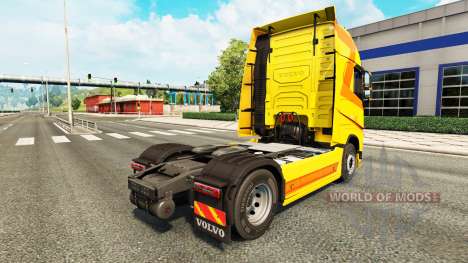 Скин Yellow на тягач Volvo для Euro Truck Simulator 2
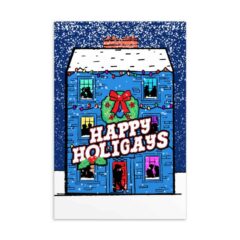 Home for the Holigays Postcard (Vertical)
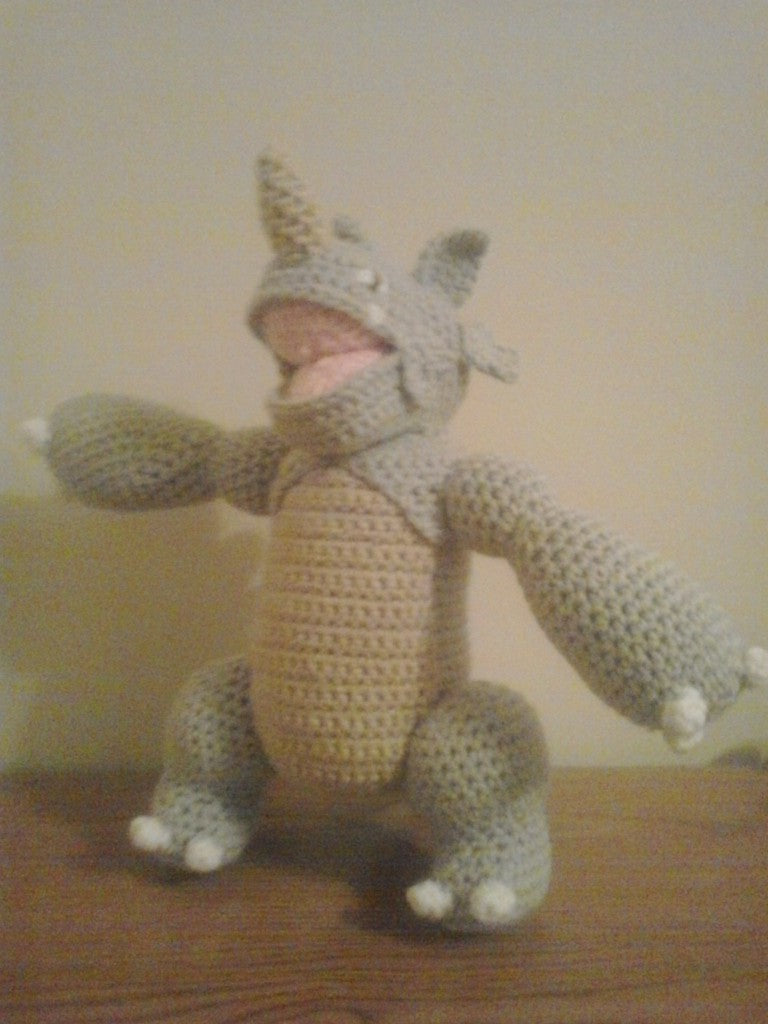 112 Rhydon Pokemon Amigurumi Plush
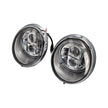 LED H4 Headlights RHD Clear Glass Porsche 911 / 964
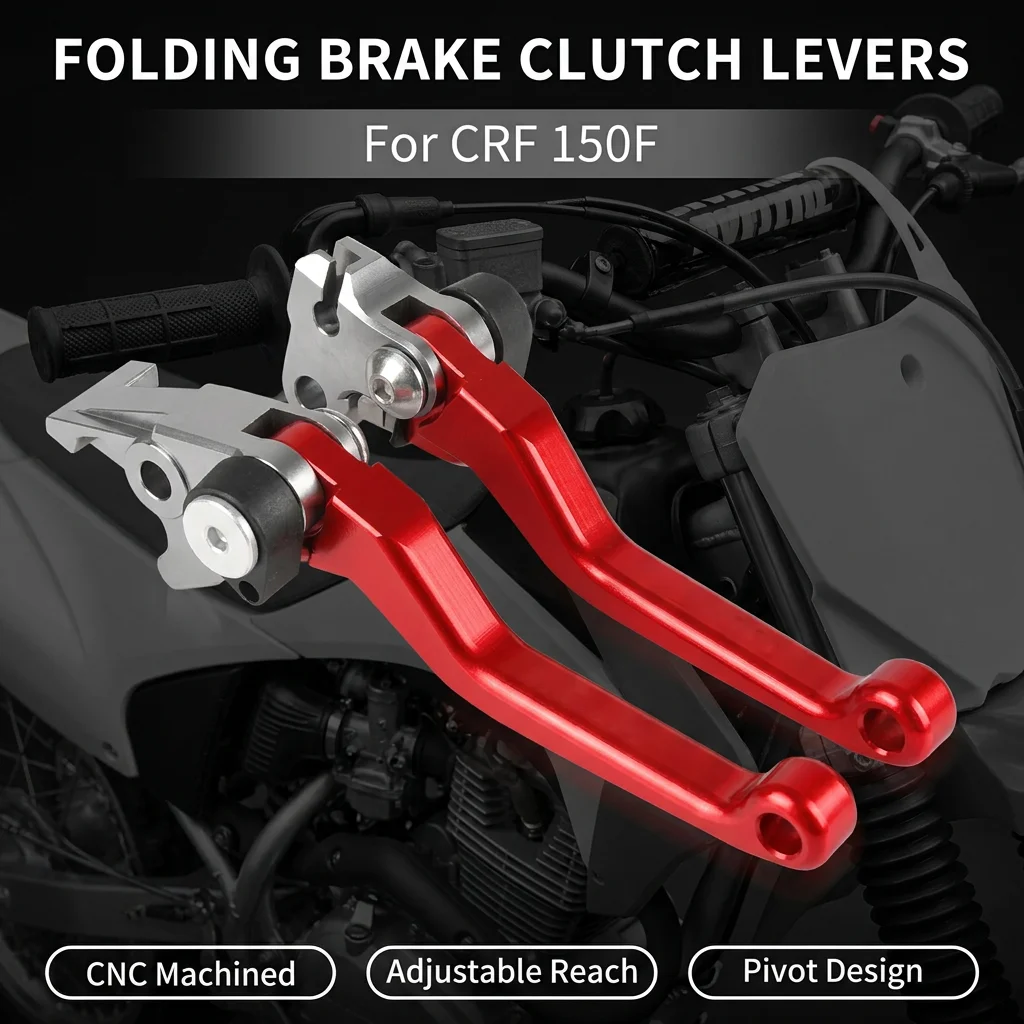 Levier de frein et d'embrayage CRF 150 260 250 450 F R X RX, levier pivotant pour Honda CRF150R/F CRF230F CRF250R/X CRF450R CRF450X/RX CRF250L/M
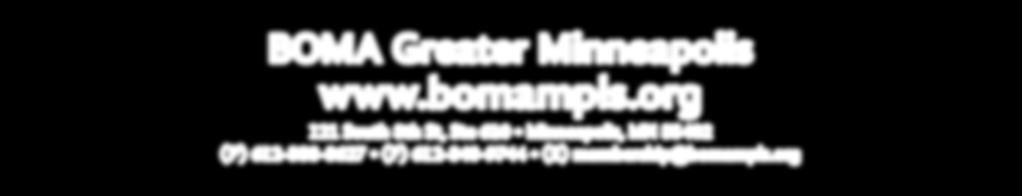 BOMA Greater Minneapolis www.bomampls.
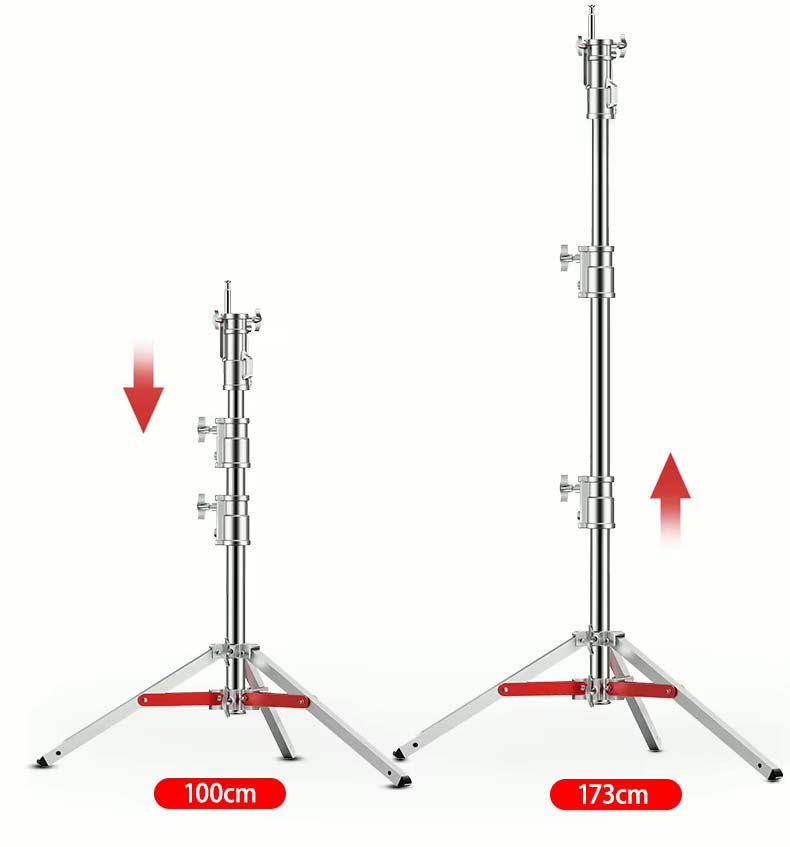 Chân đèn chịu tải 20kg MD 173HD cao 174cm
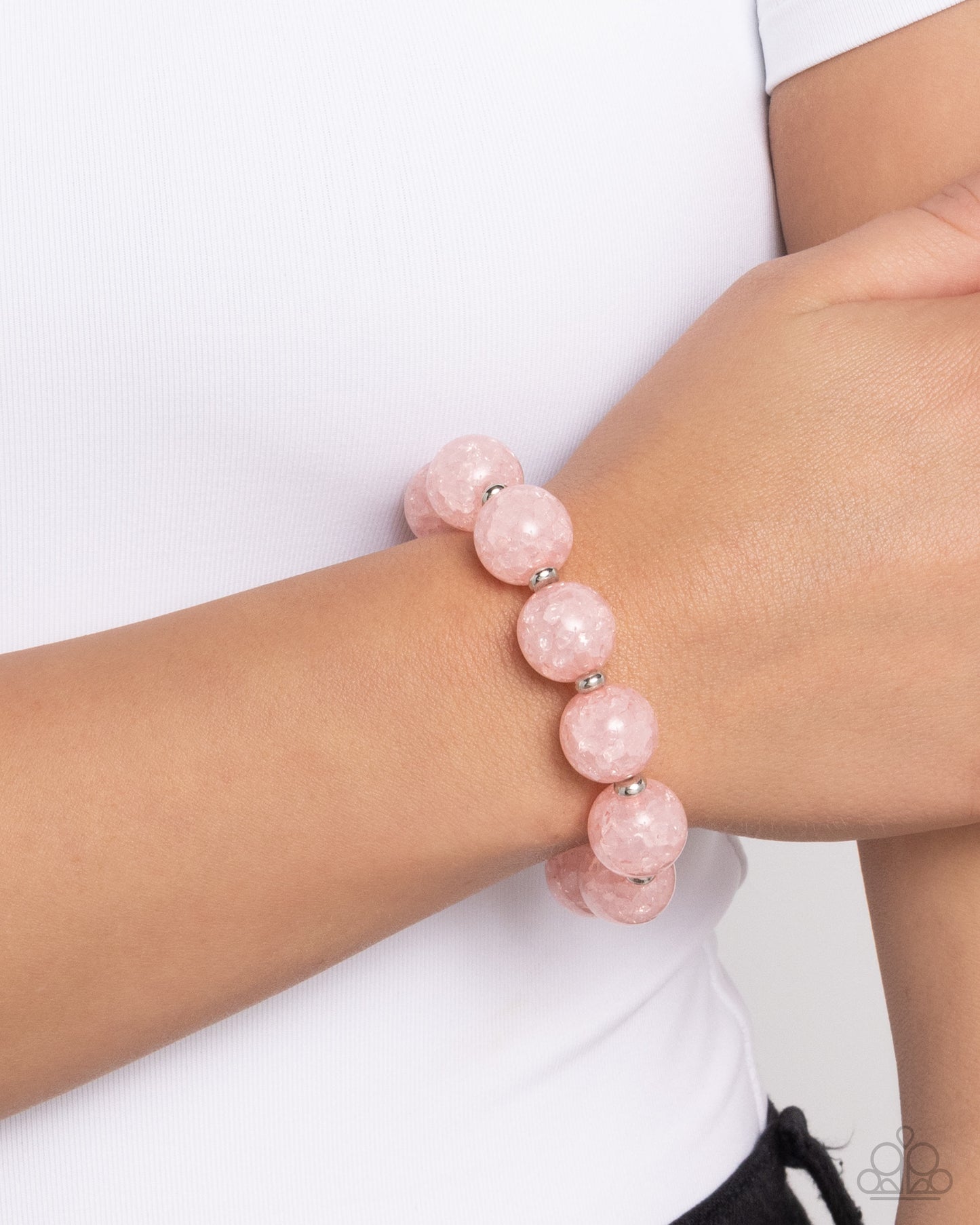 Paparazzi Arctic Affluence - Pink Bracelet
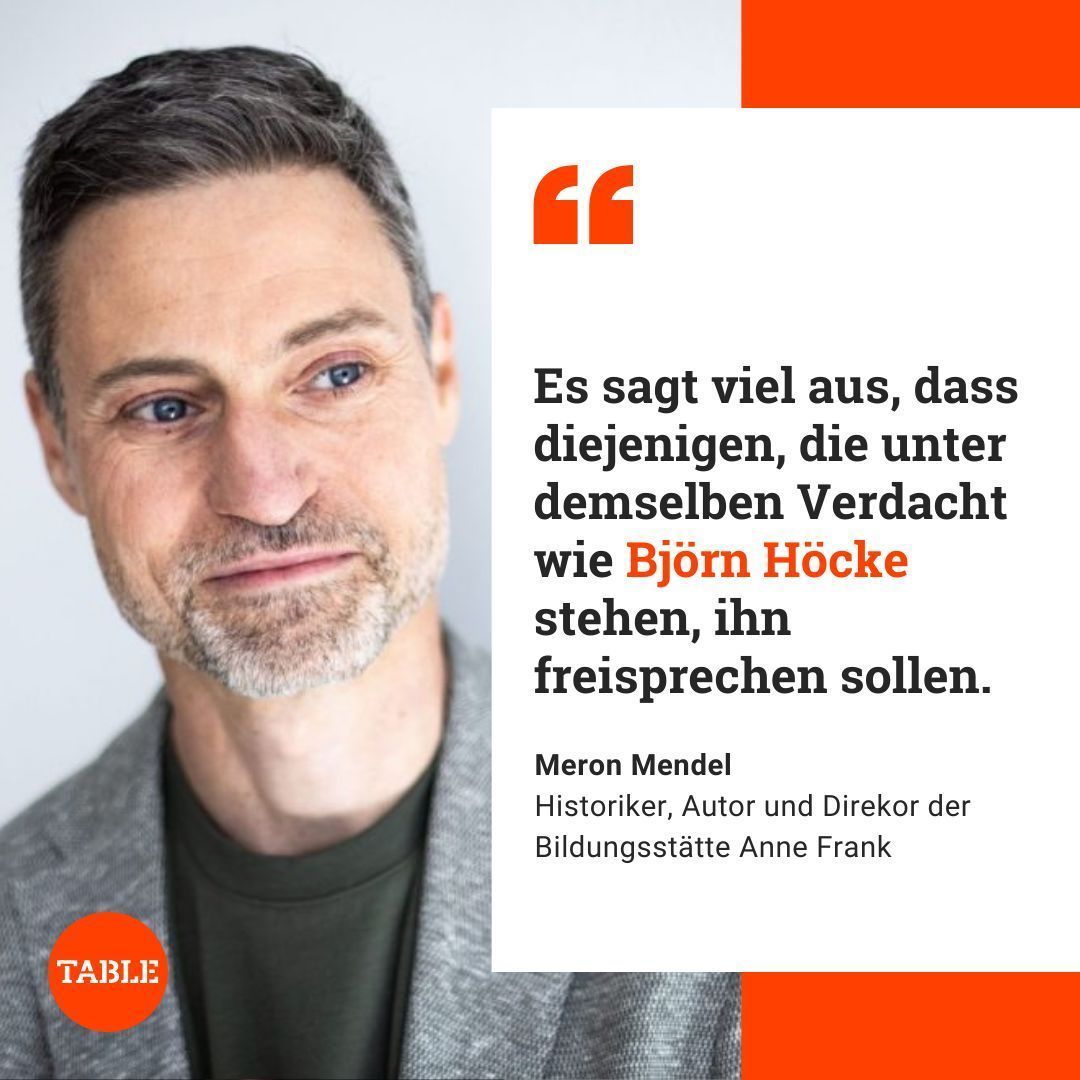 Direktor @BS_AnneFrank und Historiker @MeronMendel redet über die Bedeutung des von #Höcke verwendeten strafbaren SA-Slogans und die Eignung eines von dessen Verteidigung aufgebotenen Kronzeugen. Das ganze Interview mit @FreieReporterin lesen Sie hier 👉 buff.ly/4bEOPFi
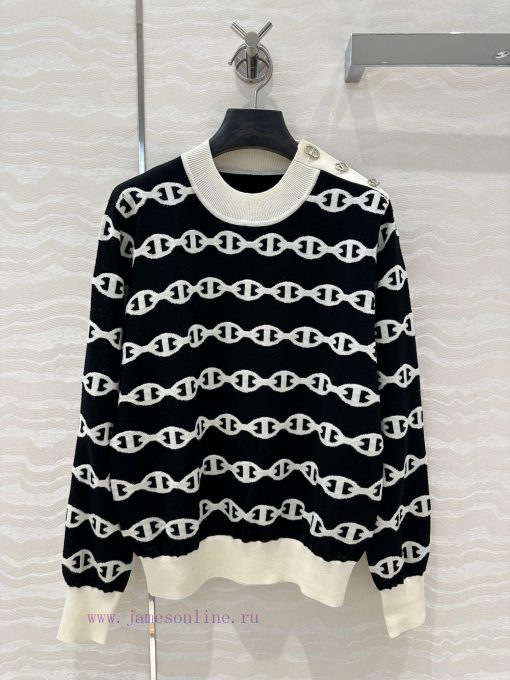 AT76258 H High Intelligence Fashion 25s Spring And Summer New Color Scheme Hanging Wool Knitted 9hu5sv4c - Image 2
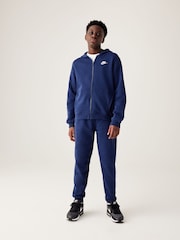 Nike Midnight Navy Club Fleece Tracksuit - Image 3 of 9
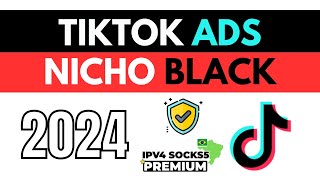 Como FAZER ANÚNCIOS no TIKTOK ADS 2024  Nicho BLACK [upl. by Nowed684]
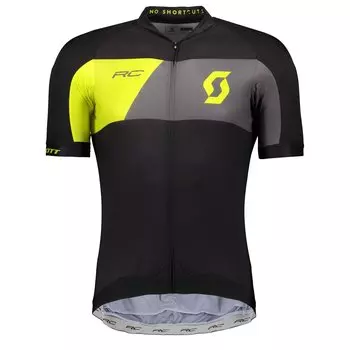 Веломайка SCOTT RC Premium Pro Tec, короткий рукав, black/sulphur yellow, 2018, 264816-5024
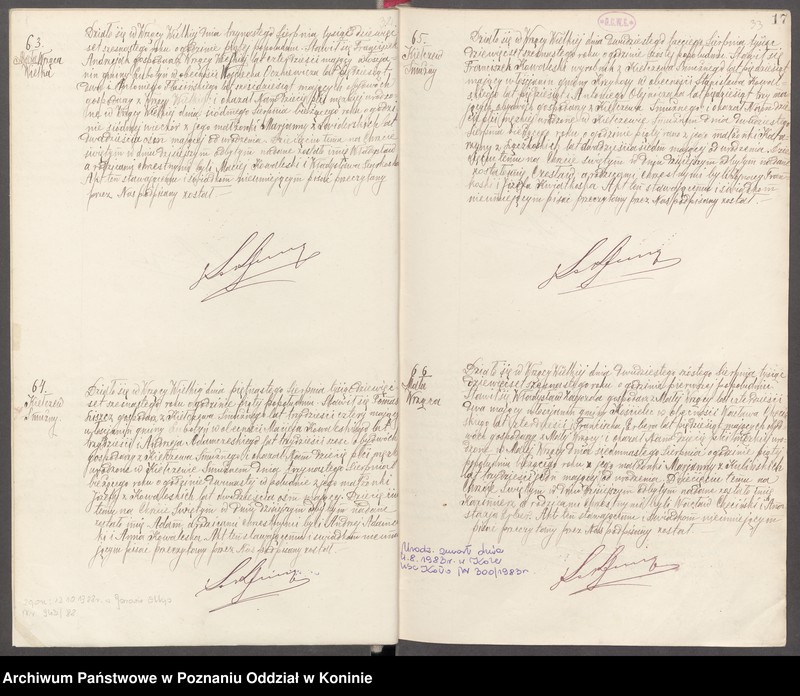 Obraz 19 z jednostki "Księga akt urodzeń, małżeństw, zgonów za 1916 rok"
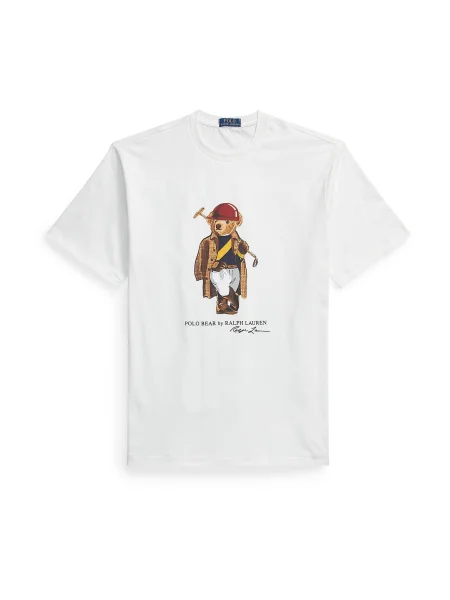 Polo Ralph Lauren Big & Tall Majica mornarsko plava / svijetlosmeđa / crvena bijela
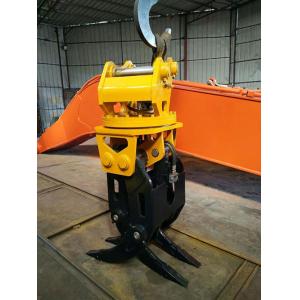 Q355b 35 Ton Excavator Rotating Grapple Hydraulic Timber Grab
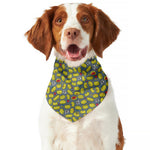 Frog Faces Pattern Print Dog Bandana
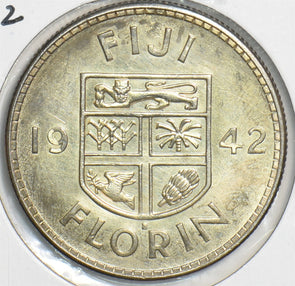Fiji 1942 S Florin 240555 combine shipping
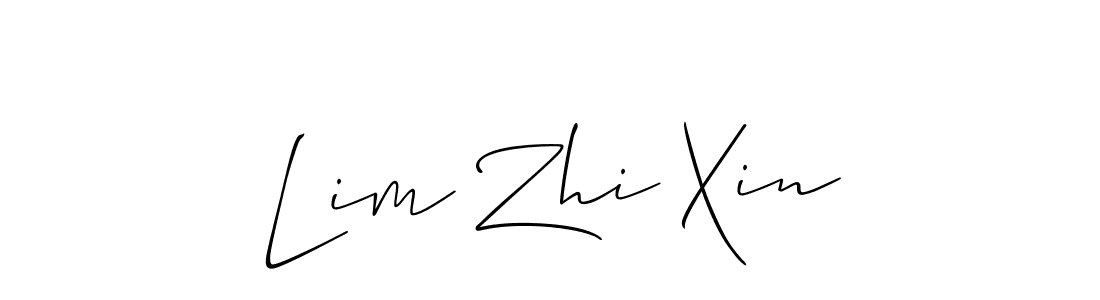 Also we have Lim Zhi Xin name is the best signature style. Create professional handwritten signature collection using Allison_Script autograph style. Lim Zhi Xin signature style 2 images and pictures png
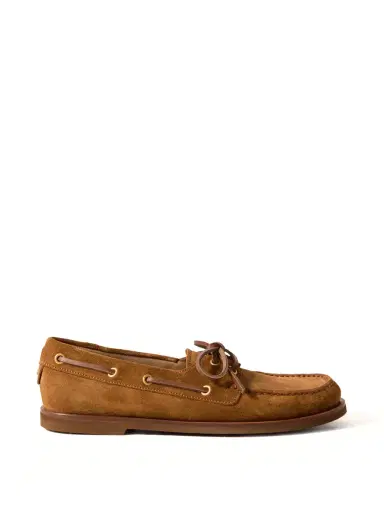 Gianvito Rossi Vandée Suede Boat Shoes | Thumbnail 1 Gianvito Rossi Vandée Suede Boat Shoes | Thumbnail 1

## The problem
Please retype, exactly as they appear, the lines from the one with "Paparazzi Arctic Affluence - Pink Bracelet" through the final line of the material, both included, and drop any pictures.

## Answer section
 Paparazzi Arctic Affluence - Pink Bracelet
 Direktor @BS_AnneFrank und Historiker @MeronMendel redet über die Bedeutung des von #Höcke verwendeten strafbaren SA-Slogans und die Eignung eines von dessen Verteidigung aufgebotenen Kronzeugen. Das ganze Interview mit @FreieReporterin lesen Sie hier 👉 buff.ly/4bEOPFi
 AT76258 H High Intelligence Fashion 25s Spring And Summer New Color Scheme Hanging Wool Knitted 9hu5sv4c - Image 2
 Nike Midnight Navy Club Fleece Tracksuit - Image 3 of 9
 Como FAZER ANÚNCIOS no TIKTOK ADS 2024  Nicho BLACK [upl. by Nowed684]
 Веломайка SCOTT RC Premium Pro Tec, короткий рукав, black/sulphur yellow, 2018, 264816-5024
 Obraz 19 z jednostki "Księga akt urodzeń, małżeństw, zgonów za 1916 rok"
 Polo Ralph Lauren Big & Tall Majica mornarsko plava / svijetlosmeđa / crvena bijela
 Q355b 35 Ton Excavator Rotating Grapple Hydraulic Timber Grab
 Frog Faces Pattern Print Dog Bandana
Fiji 1942 S Florin 240555 combine shipping
 Also we have Lim Zhi Xin name is the best signature style. Create professional handwritten signature collection using Allison_Script autograph style. Lim Zhi Xin signature style 2 images and pictures png
 Gianvito Rossi Vandée Suede Boat Shoes | Thumbnail 1 Gianvito Rossi Vandée Suede Boat Shoes | Thumbnail 1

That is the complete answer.